Watch Santa Claus, the Earliest Movie About St. Nick in Existence (1898)

Santa Claus Is Comin' to TownThe Santa Clause, Santa Claus: the Movie, Bad Santa, the unforgettable Santa Claus Conquers the Martians: we all have a preferred depiction of Saint Nicholas on film, the selection of which grows larger each and every Christmas. The tradition of Santa in cinema goes back 120 years to a couple of obscure 1897 shorts, Santa Claus Filling Stockings and The Christmas Tree Party, made by a company called American Mutoscope, but it finds its fullest early expression in the following year's Santa Claus.

Directed by hypnotist and magic lanternist turned filmmaker George Albert Smith, this 66-second production, though a highly elaborate one for the time, purports to show just how Santa Claus makes a visit to drop off gifts for a couple of sleeping children.

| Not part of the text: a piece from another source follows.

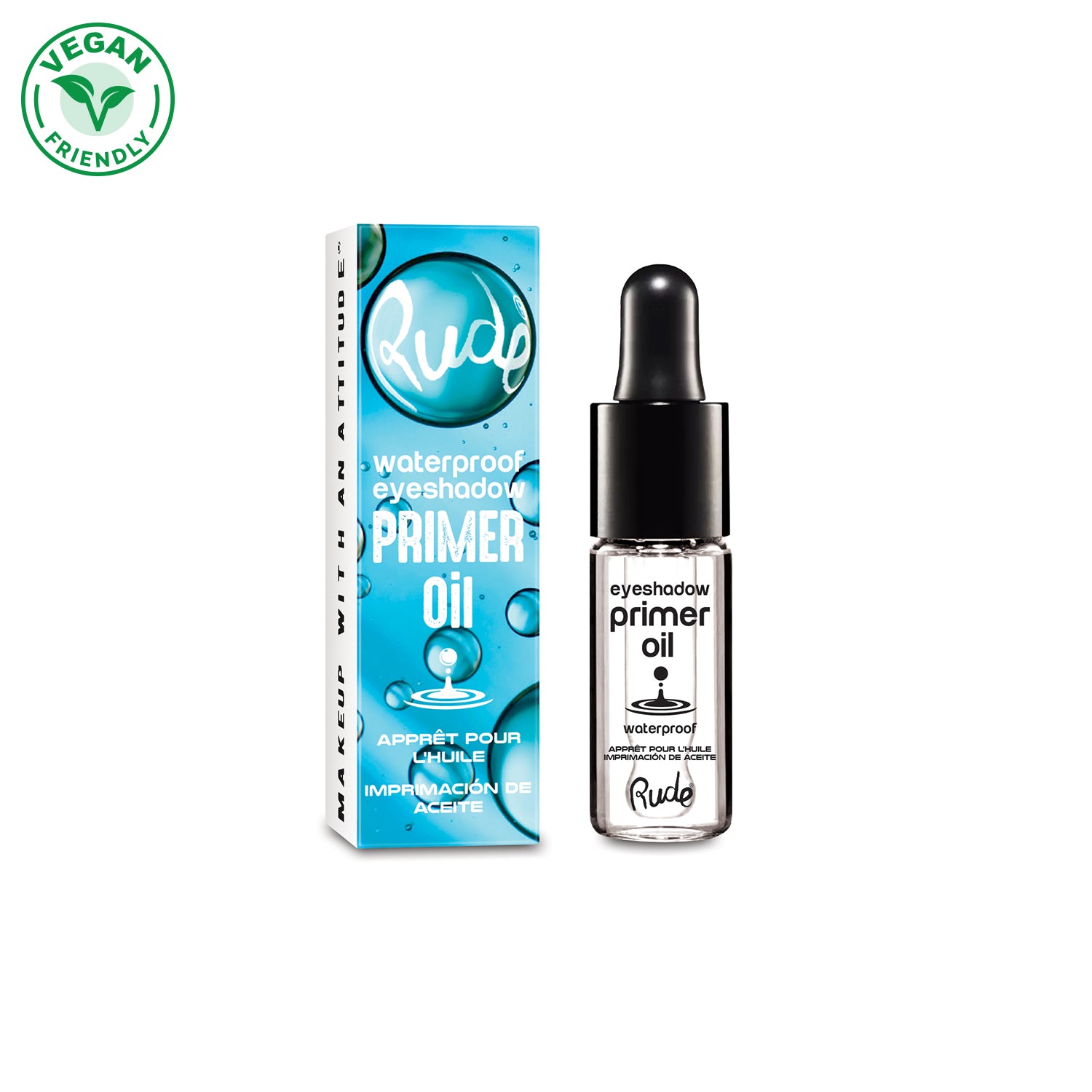 Long-Lasting Waterproof Eyeshadow Primer Oil - Smudge-Proof & Crease-Resistant Makeup Base for All-Day Wear | Perfect for Swimming, Gym, and Special Occasions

When their nanny turns off the lights for the night, we see superimposed on their darkened wall a vision of the jolly old elf himself landing on the roof and clambering down the chimney.




"What makes this treatment considerably more interesting than a conventional piece of editing," writes the British Film Institute's Michael Brooke, "is the way that Smith links the shots in terms of both space and time, by placing the new image over the space previously occupied by the fireplace, and continuing to show the children sleeping throughout."

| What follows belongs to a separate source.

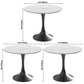 Glam White Standard Dining Table Round Shape Sintered Stone Dining Table with Tulip Base Clearhalo ' dining_table' 'Dining Tables & Seating' 'Dining Tables' 'furn' 'furn_dining_table' 'Furniture' 'furniture_dining_table' 'Kitchen & Dining Furniture' 'kitchen&dining_furn' 'kitchen' 'kitchen_dining_table' 3864237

Brooke calls that effect "cinema's earliest known example of parallel action and, when coupled with double-exposure techniques" that Smith had developed for his previous films, it makes Santa Claus "one of the most visually and conceptually sophisticated British films made up to then." He notes also that Smith corresponded with Georges Méliès, his fellow pioneer of not just special effects but cinema itself, around the time of this film, no surprise since "the two men shared a common goal in terms of creating an authentic cinema of illusion."

Watch Santa Claus on this Christmas Day, and you'll find that, in the words of Kieron Casey at The Totality, "the plot is simple, but the magic is not — viewed over 100 years later, it’s impossible not to be touched to the very core with the wonder on display in the film. In the same way young hands will find the most simple of toys mesmerising when touched for the first time, there is a real innocence and enthusiasm in G.A. Smith’s film – it’s a short movie which is full of imagination and discovery, the type of which will never again be experienced in cinema." But seeing as Santa Claus existed long before cinema and will exist long after it, rest assured that he'll bring his trademark twinkle to any storytelling medium humanity comes up with next.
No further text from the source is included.